The Deity of Jesus Part 1

The Testimony of Jesus

Dan Barkman

One would be hard-pressed to find a more controversial person in World History than Jesus Christ. From throwing the money changers out of the Temple to His ability to perform miraculous healings, Jesus of Nazareth certainly piqued the curiosity of many during His three-year public ministry in 1st Century Israel. While Jesus continues to be admired for His ethical teachings contained in the Sermon on the Mount and His genuine compassion shown to the sick and handicapped, the longstanding controversy surrounding Jesus continues to be His claim to be divine. Jesus' claims about Himself make it extraordinarily difficult to classify Him as merely a wise sage who went around spouting moral platitudes. Such a reconstructed historical figure would surely not have generated much controversy among his fellow Jews and would not have been seen as potentially seditious by the Romans.

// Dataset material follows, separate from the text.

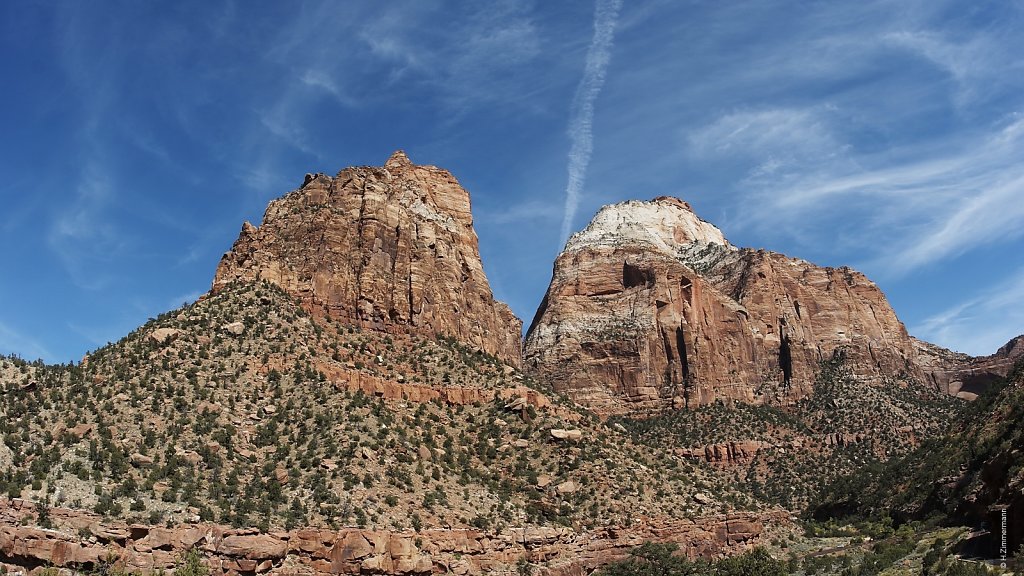 Zion NP, Utah, USA, 2006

But create controversy He did, and after examining the historical record, it is easy to see why. Jesus went around making statements and performing actions that were understood to be the prerogative of Yahweh and no other. In Luke 7, Jesus pronounces a woman's sins forgiven in response to her faith in Him. Jesus made a similar pronouncement of a paralytic recorded in Mark 2:1-13. Jesus' Jewish audience recognized that such actions are the prerogative of God alone. Jesus made other statements that revealed His divine self-understanding. In Mark 14, Jesus identified Himself as the "Son of Man" (Mark 14:61-64), a title that passes the historical criteria of multiple attestation as it is found in all of our gospel sources. The "Son of Man" title is used of Jesus only a few times outside of the Gospels themselves. Given its scant usage by the early church, it is quite unlikely that this title would have been read back into the lips of Jesus if He had not referred to Himself in this way. So the title "Son of Man" appears to have been one of Jesus' favorite self-designations. In identifying himself as the "Son of Man," Jesus is drawing a parallel between Himself and a divine figure described by the prophet Daniel. This "Son of Man" is described as being given "dominion, glory, and a kingdom, that all peoples, nations, and men of every language might serve Him; his dominion is an everlasting dominion, which will not pass away, and his kingdom one that will never be destroyed" (Daniel 7:14). That the High Priest immediately tore his robe assures us that Jesus was making a claim to divinity — a claim that the High Priest recognized as blasphemous. When combined with the fact that Jesus taught that He will be the final judge all of humanity (Matthew 25:31-46), it seems clear that Christ made claims — both implicitly and explicitly — that He was, in fact, divine. Who else but a divine figure would have the authority to forgive sins? Who but a divine person would have an everlasting dominion that will not pass away and will never be destroyed? Who but God would have the authority to judge all of humanity?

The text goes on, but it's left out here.